The following summary description of our capital stock is based on the provisions of the
Restated Certificate, our second amended and restated bylaws, as amended, or our Bylaws, and the applicable provisions of the General Corporation Law of the State of Delaware, or DGCL. This information may not be complete in all respects and is
qualified entirely by reference to the provisions of the Restated Certificate, our Bylaws and the DGCL. For information on how to obtain copies of the Restated Certificate and our Bylaws, which are exhibits to the registration statement of which
this prospectus forms a part, see Where You Can Find More Information.
Common Stock
The holders of common stock are entitled to one vote per share on all matters to be voted on by the stockholders. Stockholders have no
cumulative voting rights. Subject to the preferences of any outstanding shares of preferred stock, the holders of common stock are entitled to receive ratably any dividends our board of directors declares out of funds legally available for the
payment of dividends. If we are liquidated, dissolved or wound up, the holders of common stock are entitled to share pro rata all assets remaining after payment of liabilities and liquidation preferences of any outstanding shares of preferred stock.
Holders of common stock have no preemptive rights or rights to convert their common stock into any other securities. There are no redemption or sinking fund provisions applicable to the common stock. When we issue shares of common stock under
this prospectus, the shares will be fully paid and nonassessable.

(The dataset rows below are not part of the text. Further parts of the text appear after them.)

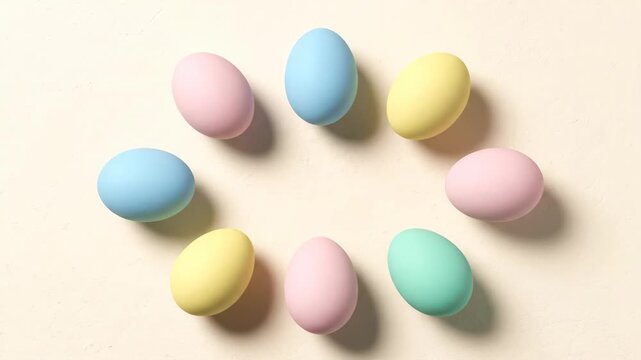Stop motion animation showing colorful sweets growing into a circular frame of pastel easter eggs. Minimalist holiday concept with copy space for a festive seasonal greeting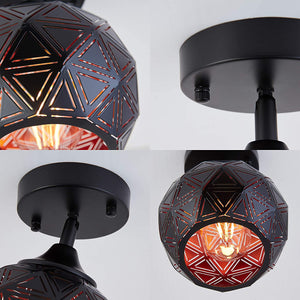 Black industrial mini semi flush mount ceiling light fixture modern ceiling lamp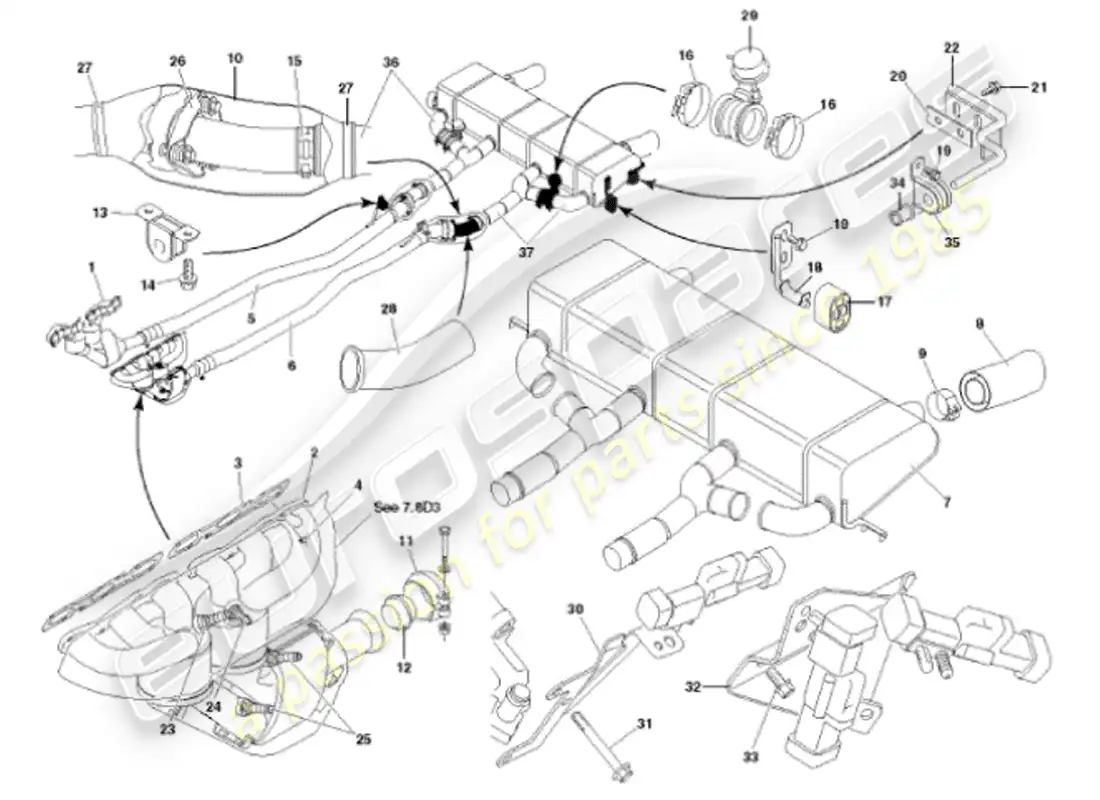 aston martin vanquish (2001) diagrama de piezas del sistema de escape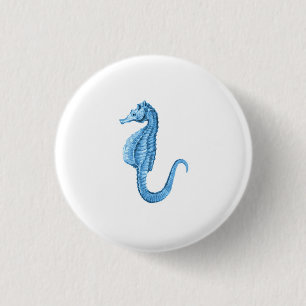 Küstenstrand des blauen Seepferdseeozeans Button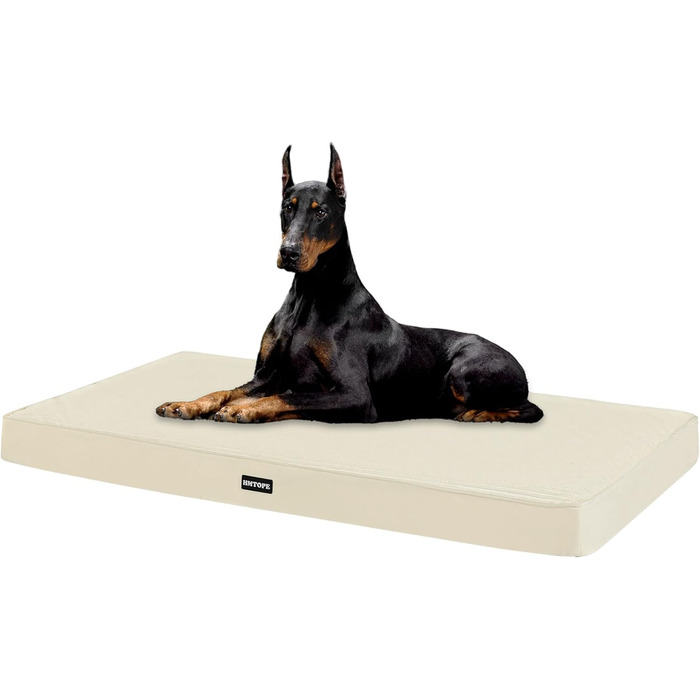 Ортопедичне ліжко для собак HMTOPE, 91 см, товщина 9 см. Зручне, знімне, водонепроникне, з антиковзким покриттям. Підходить для собак середніх порід.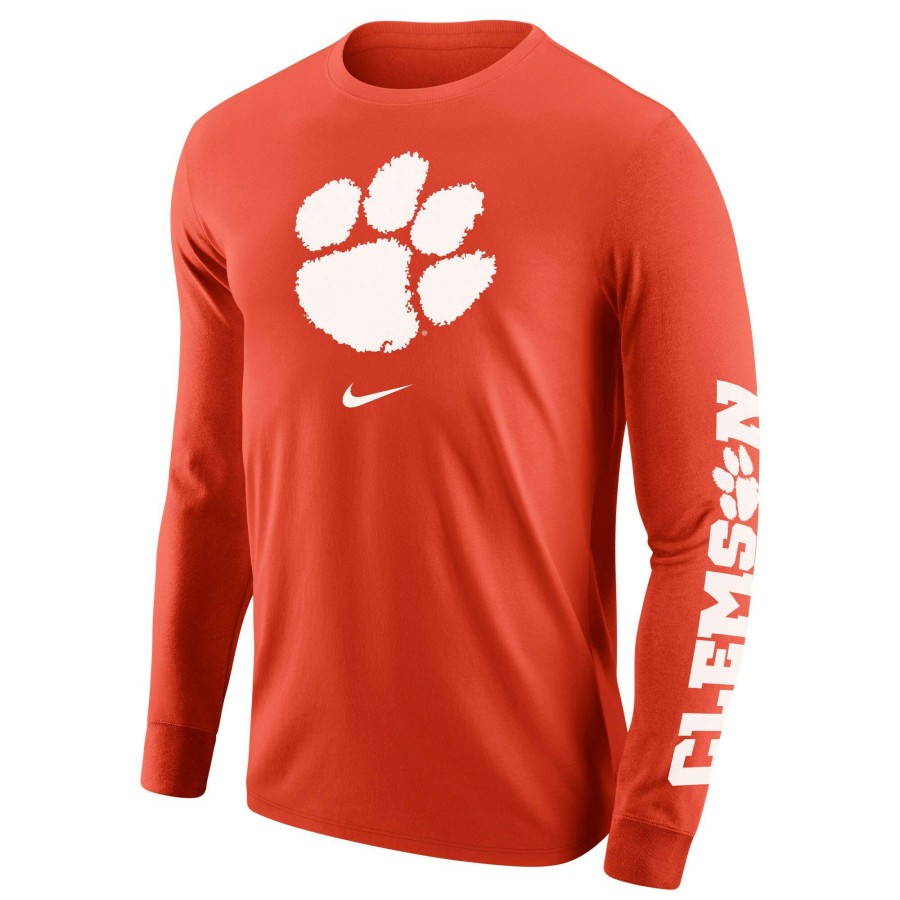 Men * | Reliable Quality Men'S Nike Orange Clemson Tigers Team Lockup 2-Hit Long Sleeve T-Shirt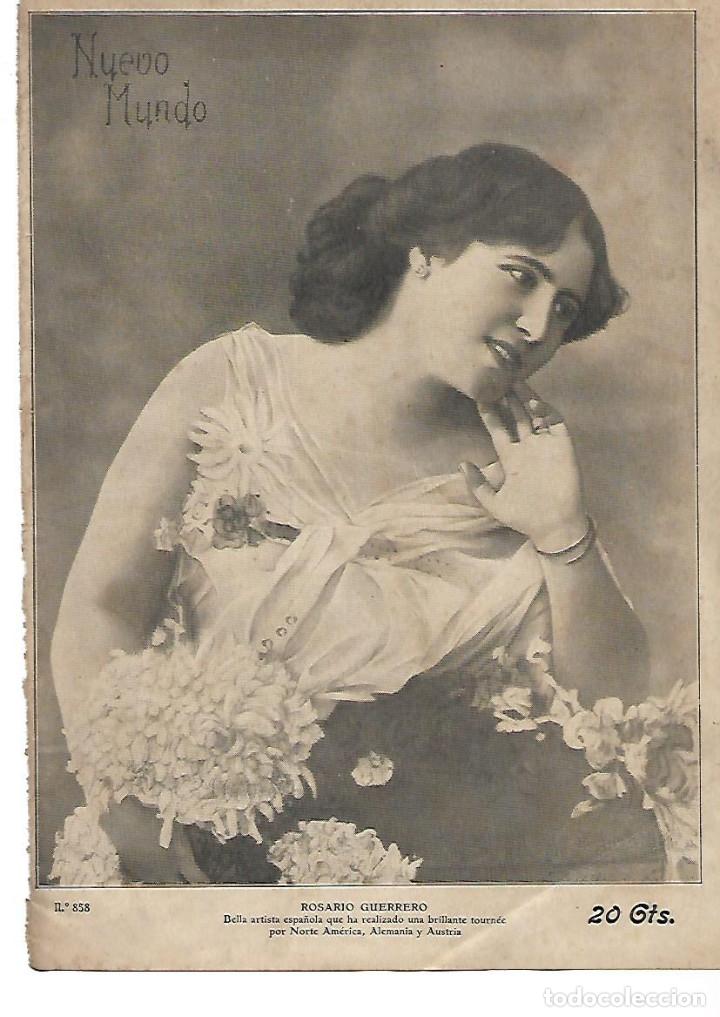 Collezionismo: A&Ntilde;O 1910 RECORTE PRENSA ROSARIO GUERRERO ACTRIZ TEATRO ARTISTA ESPA&Ntilde;OLA TOURNE ALEMANIA AMERICA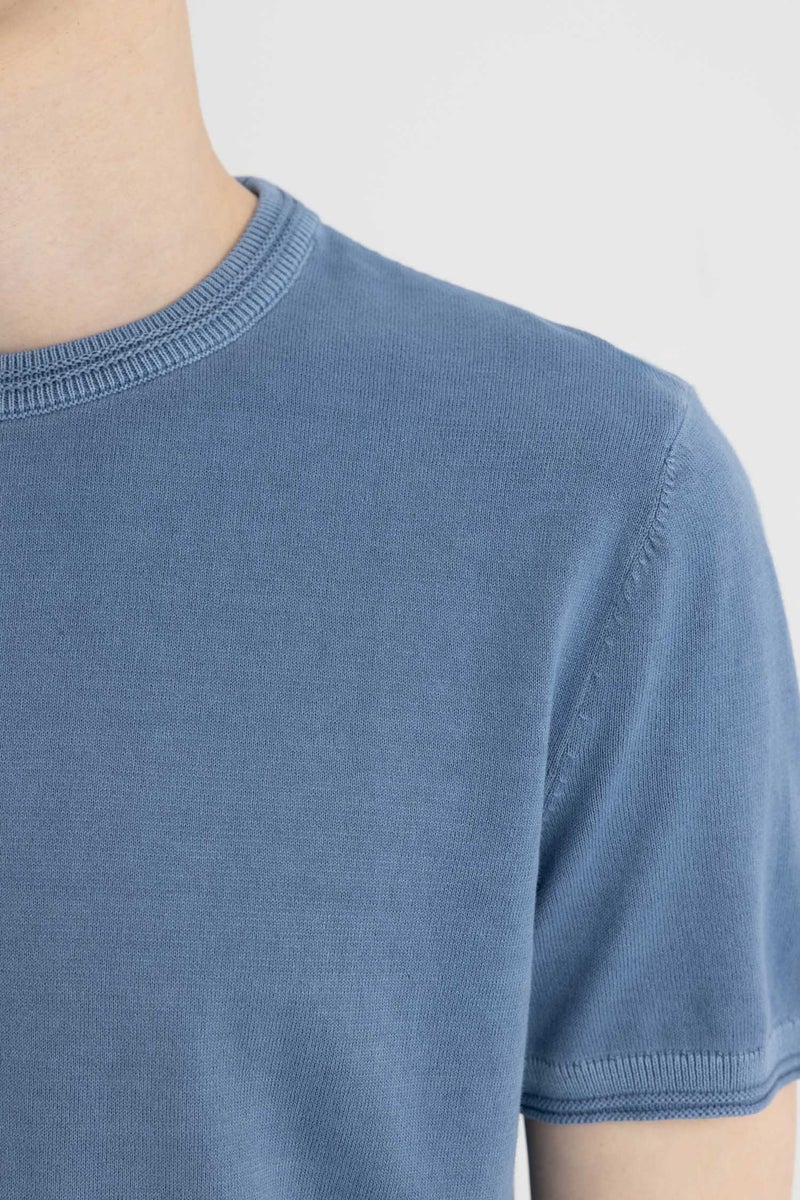 DeFacto Blue Man Standard Fit Short Sleeve Knit Polo Shirt Casual - Image 4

Additional shares of authorized common stock may be issued, as
authorized by our board of directors from time to time, without stockholder approval, except as may be required by applicable stock exchange requirements.
Preferred Stock
Pursuant to the Restated
Certificate, our board of directors has the authority, without further action by the stockholders, to issue shares of preferred stock in one or more series. Our board of directors also has the authority to determine or alter the designation, rights,
preferences, privileges and restrictions granted to or imposed upon any unissued series of preferred stock, any or all of which may be greater than the rights of the common stock. Our board of directors, without stockholder approval, may issue
preferred stock with voting, conversion or other rights that are superior to the voting and other rights of the holders of common stock. The issuance of preferred stock may have the effect of delaying, deferring or preventing a change of control of
Sangamo without further action by the stockholders, and may have the effect of delaying or preventing changes in management of Sangamo. In addition, the issuance of preferred stock may have the effect of decreasing the market price of the common
stock and may adversely affect the voting power of holders of common stock and reduce the likelihood that common stockholders will receive dividend payments and payments upon liquidation.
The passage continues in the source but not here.